Yes, clear violation of a legal order, but it's in the same spirit as TrueCrypt's "hidden volume" feature.
The question here is still how the court would actually see this.
As far as I am aware, there is no easy way to make it happen. Maybe my googling skills are poor, but I wasn't able to find anything relevant to this, no matter what kind of queries I was trying. All I've found was just a bunch of complaints about Windows Hello either not working at all or something related.
If they had remorse? Very little.
If they believed the big lies and/or felt a superiority complex? Seems likely to me.
I'll note that with the pretext of the individual being guilty I've already disqualified someone smart enough to not commit nor record evidence of having committed a crime.
Yes, if a system is storing your biometric data remotely, then it can't be changed and it's a username, not a password.
But modern biometrics don't work that way, at all. The biometrics is stored client-side (hopefully securely and considerable effort is made to realize that hope), and it is used to access a private key which signs a challenge.

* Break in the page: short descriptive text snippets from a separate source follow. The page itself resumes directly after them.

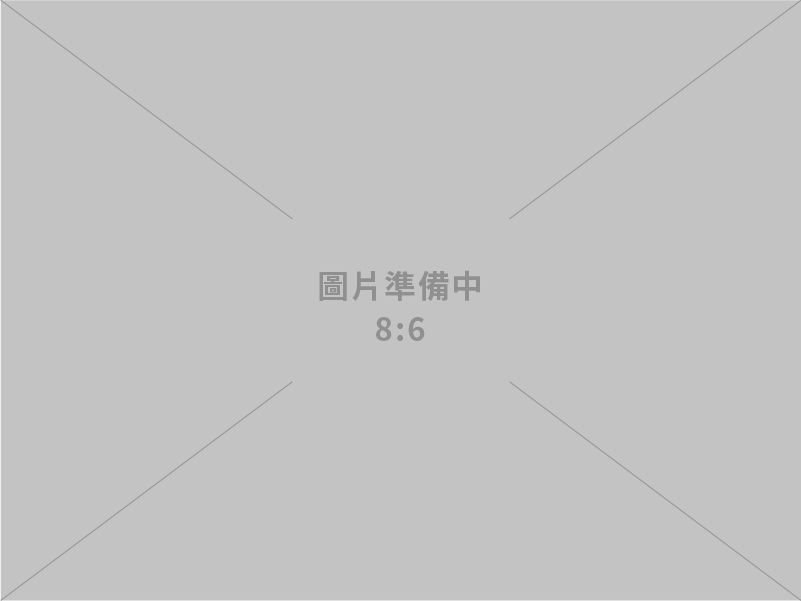 出席軍人節敬軍記者會 卓揆：國家挺企業、企業挺國軍、國軍保衛國家 用具體行動向國軍致敬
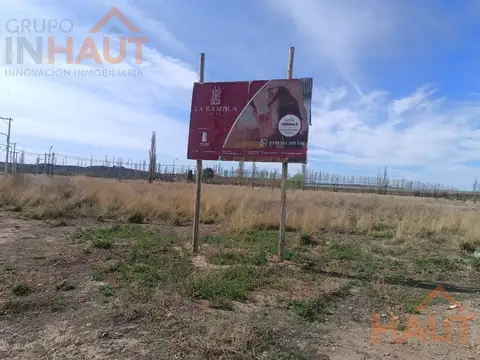venta de terrreno de 500m2 entrega usd 6000 y 24 cuotas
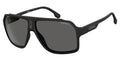 Carrera 1030/S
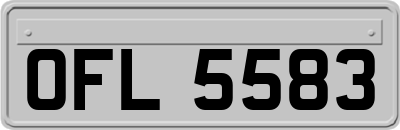 OFL5583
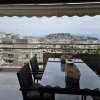 1-комн. квартира195 000 EUR Кавала ID-112372 изображение 7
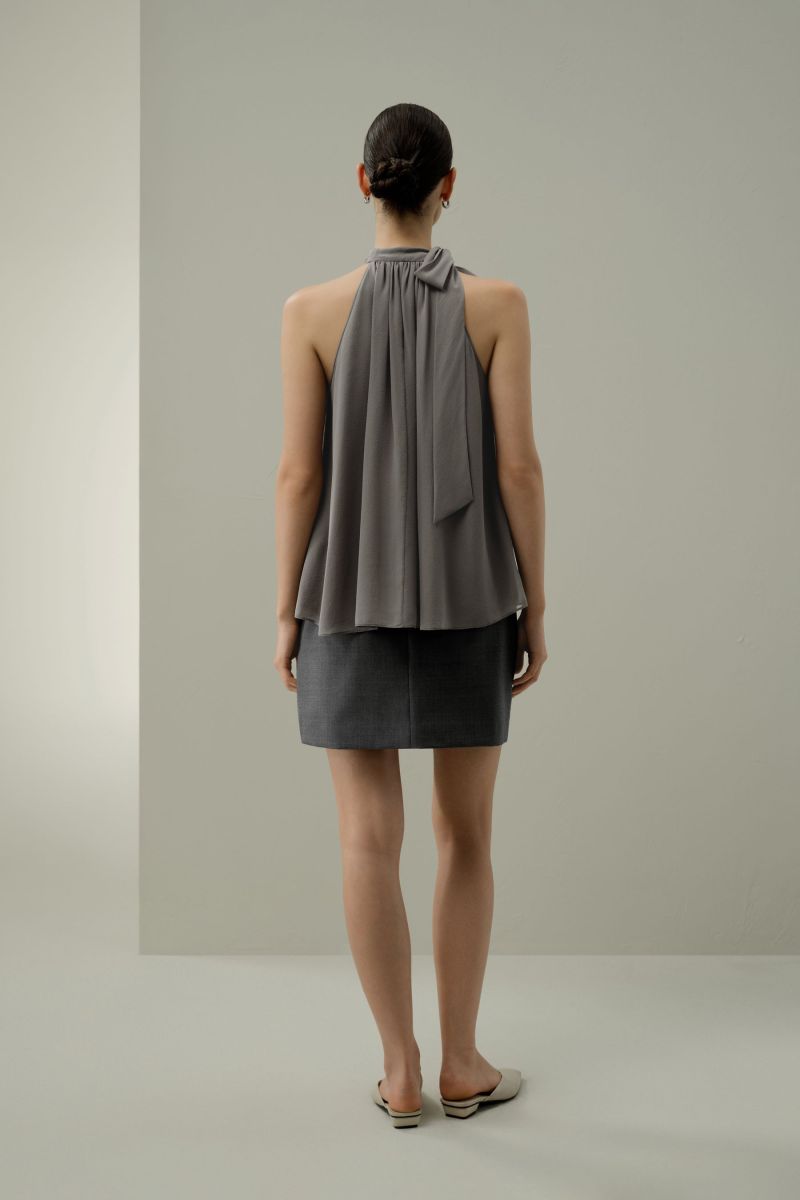 #color_Dark Gray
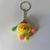 Chaveiro Sanrio - comprar online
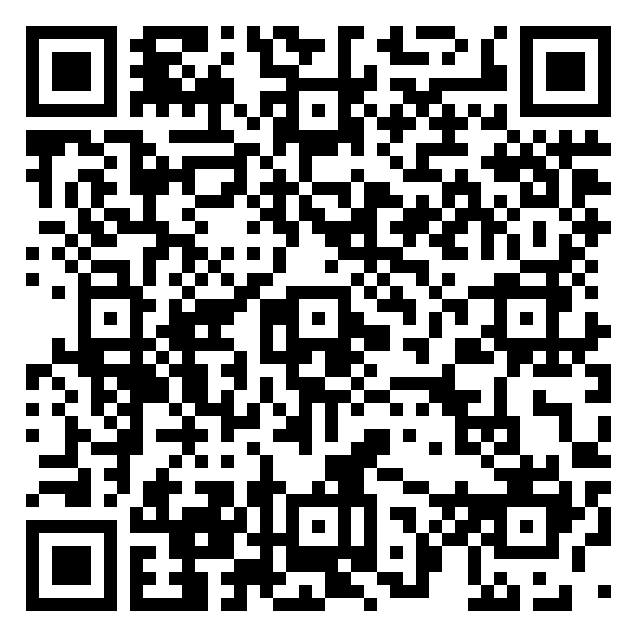 kod QR z danymi kontaktowymi 12048637200000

The biometric can be revoked, the private key can be revoked, all of these things can be changed by the user.
So let's say someone busts my fingerprint out of the TouchID secure enclave. That's not great (nor is it easy!), but they don't have an ability to generate a private key with it which Apple will recognize: that requires my password.
So I can generate a fresh key, confirm it with my password, and now my copy of the biometric works and theirs doesn't.
Edit: "courts or police can compel your fingerprint but not your password" is a completely different argument, and the solution is a way to rapidly lock out biometric authentication so that the password is a hard requirement. It also doesn't apply in a number of jurisdictions.
As a practical matter, actors who are unwilling to reach for the rubber hose can't get a password, while a fingerprint just requires the willingness to manhandle someone without injuring them, and that much is basically universal.
There is nothing secret about your biometrics. Especially not while you are in detention.
That would potentially upend decades of case law - the government can compel somebody to produce a physical key (which now includes fingerprints and other biometrics) but cannot compel production of a passcode/combination.
This article talks about a case in the 11th circuit in 2012 and another in the Pennsylvania Supreme Court, Commonwealth v. Davis. Apparently the only time you can compel someone to give their password (which biometrics serve the same purpose) is if the state already knows what's on there. It's called "foregone conclusion exception."
Yet if the government can show that it already knows of the existence and the suspect’s possession of the documents at issue—i.e., that these matters are a “foregone conclusion” and thus that the factual assertions implicit in the act of production add “little or nothing to the sum total of the Government’s information”—then “no Fifth Amendment right is touched because the ‘question is not of testimony but of surrender.’”
You can be forced to submit to fingerprinting, which could also be incriminating.
Here's some interesting copy on similar cases.
And should your username ever also be your password?
Other people can most likely still unlock your device if they make a perfectly molded silicone mask of your head+face or something else similarly complex, but a photo of your face printed on a piece of paper wouldn't work.